Militant Left is a Trotskyist political party active in both the Republic of Ireland and Northern Ireland. After a split, in 2019, in the Committee for a Workers' International (1974), the group was founded by former members of the Socialist Party who wished to affiliate to the 'refounded' Committee for a Workers' International (2019). Initially known as CWI Ireland, it renamed itself Militant Left in 2020.
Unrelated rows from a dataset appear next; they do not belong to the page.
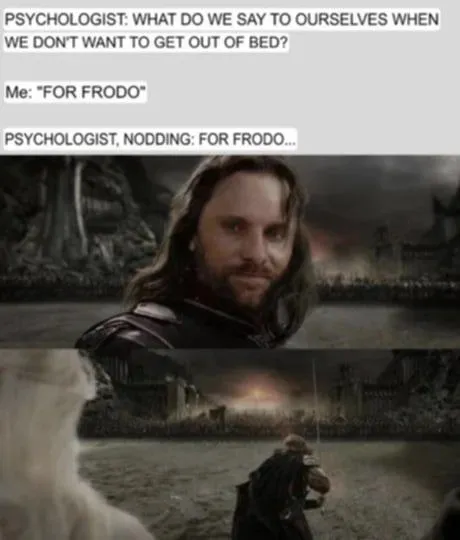 For Frodo Bed Motivation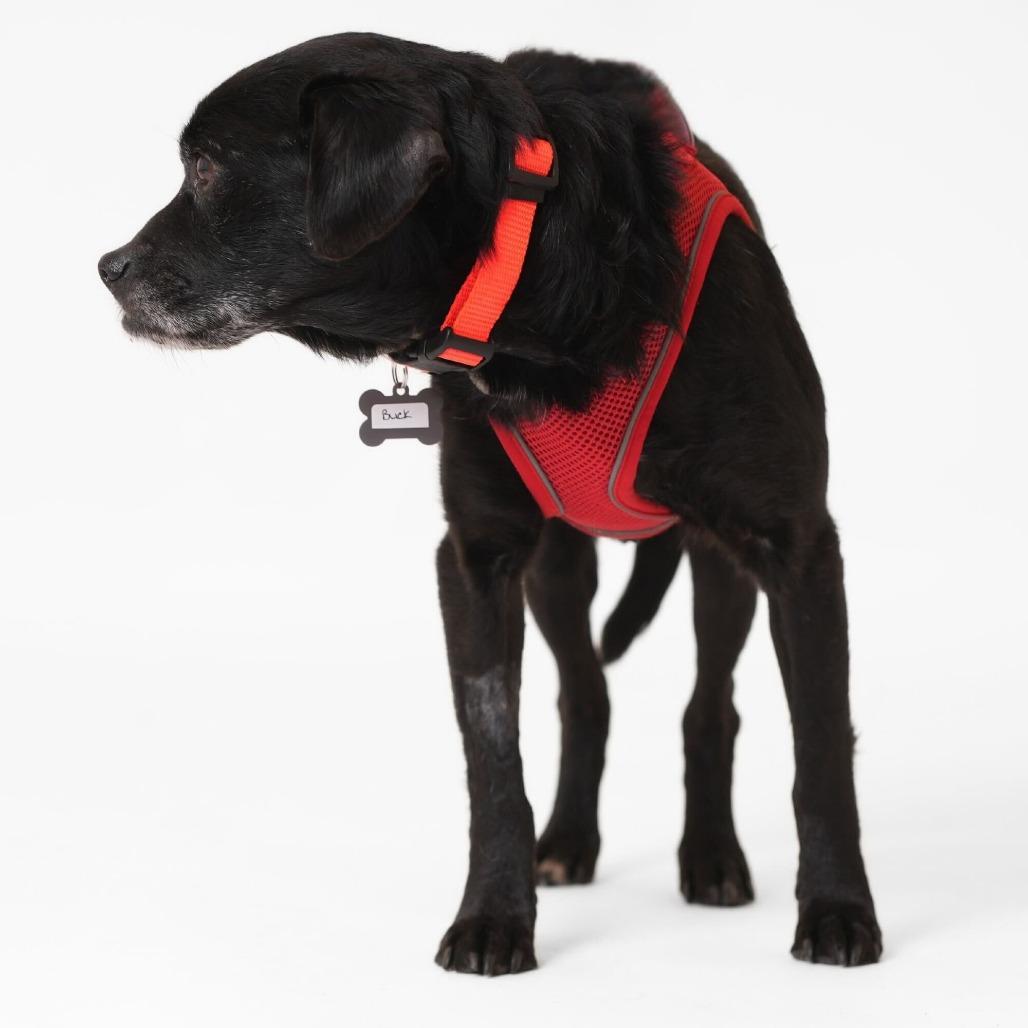 Enlarge Buck 13850, a Adoptable mixed breed in San Francisco, CA image 4/6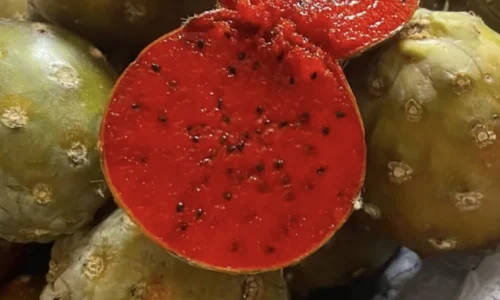 Cortes Distributor Inc 6 1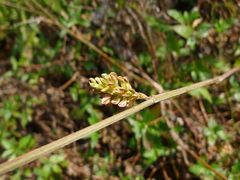 Flemingia macrophylla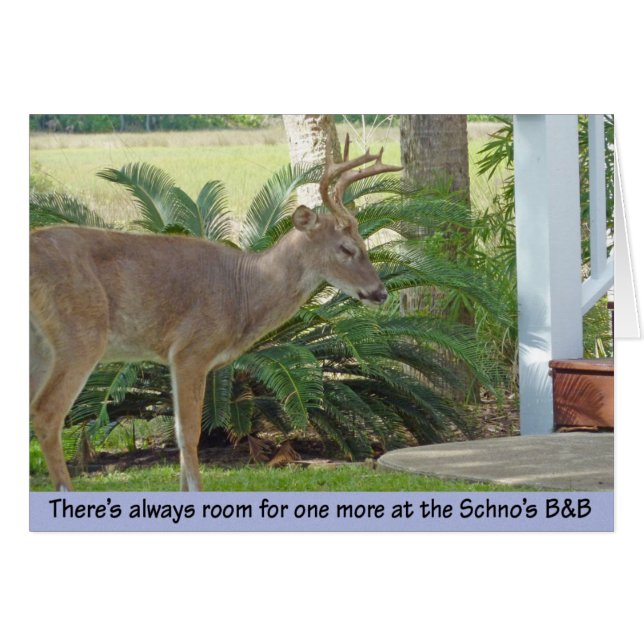 Deer approaching stairs (Front Horizontal)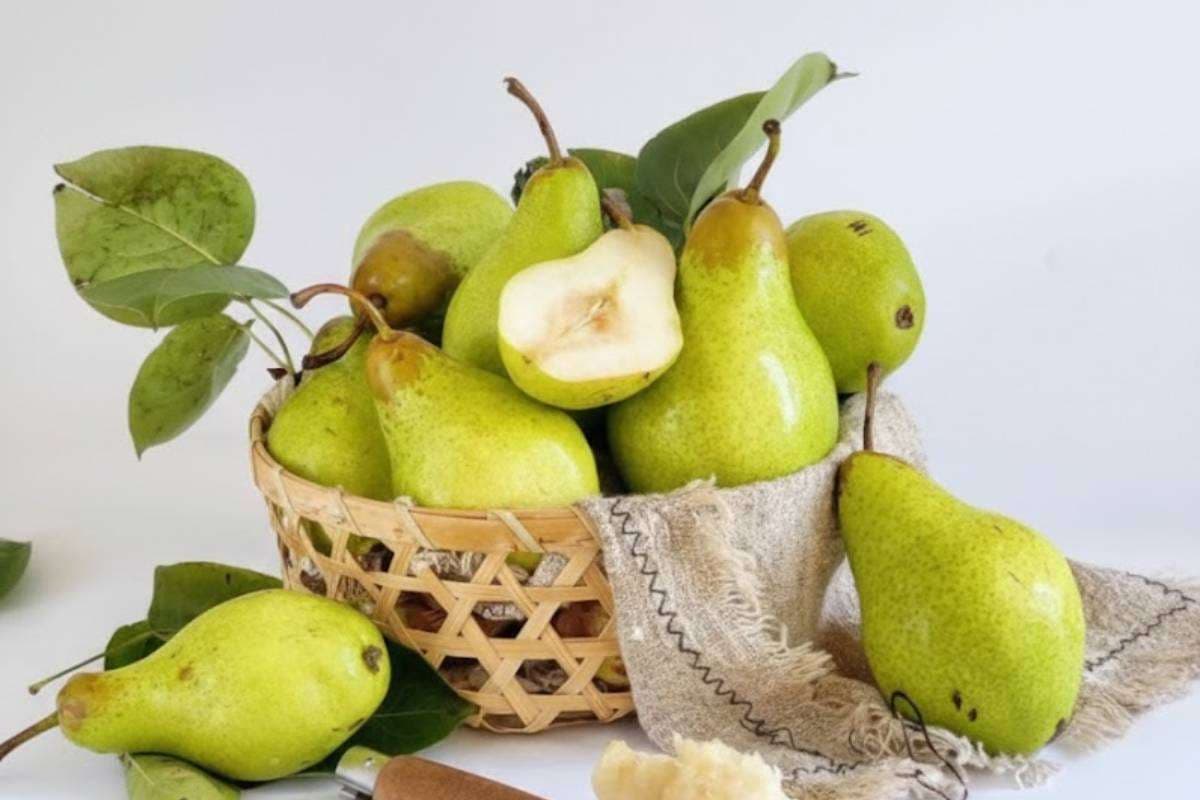 Health Benefits of Pear: World Pear Day 2025 पर जानें नाशपाती खाने के टॉप हेल्थ बेनिफिट्स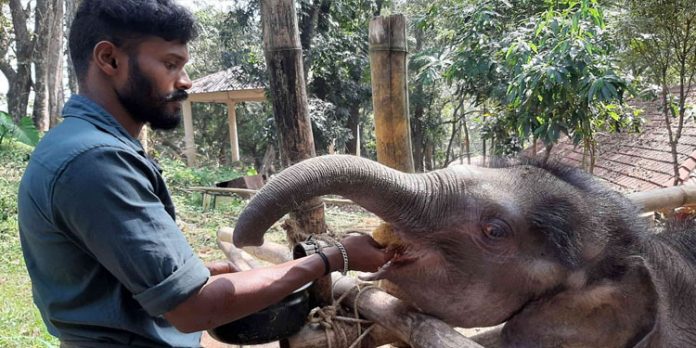 കോന്നിയിലെ കുട്ടി കുറുമ്പൻ ചോറുണ്ടുതുടങ്ങി കോന്നിയിലെ കുട്ടി കുറുമ്പൻ ചോറുണ്ടുതുടങ്ങി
The group has one public representative, Donal O'Cofaigh, on Fermanagh and Omagh District Council. O'Cofaigh had previously been a councillor for Sinn Féin in Fermanagh, but resigned in 2009 to join the Socialist Party. While a member of the Socialist Party from 2009 to 2019, he was also a member of the Labour Party (LPNI) and subsequently the Cross-Community Labour Alternative. He was elected to Fermanagh and Omagh District Council in the 2019 Northern Ireland local elections as a Socialist Party member running under the Cross-Community Labour Alternative name, but left to join CWI Ireland later that year.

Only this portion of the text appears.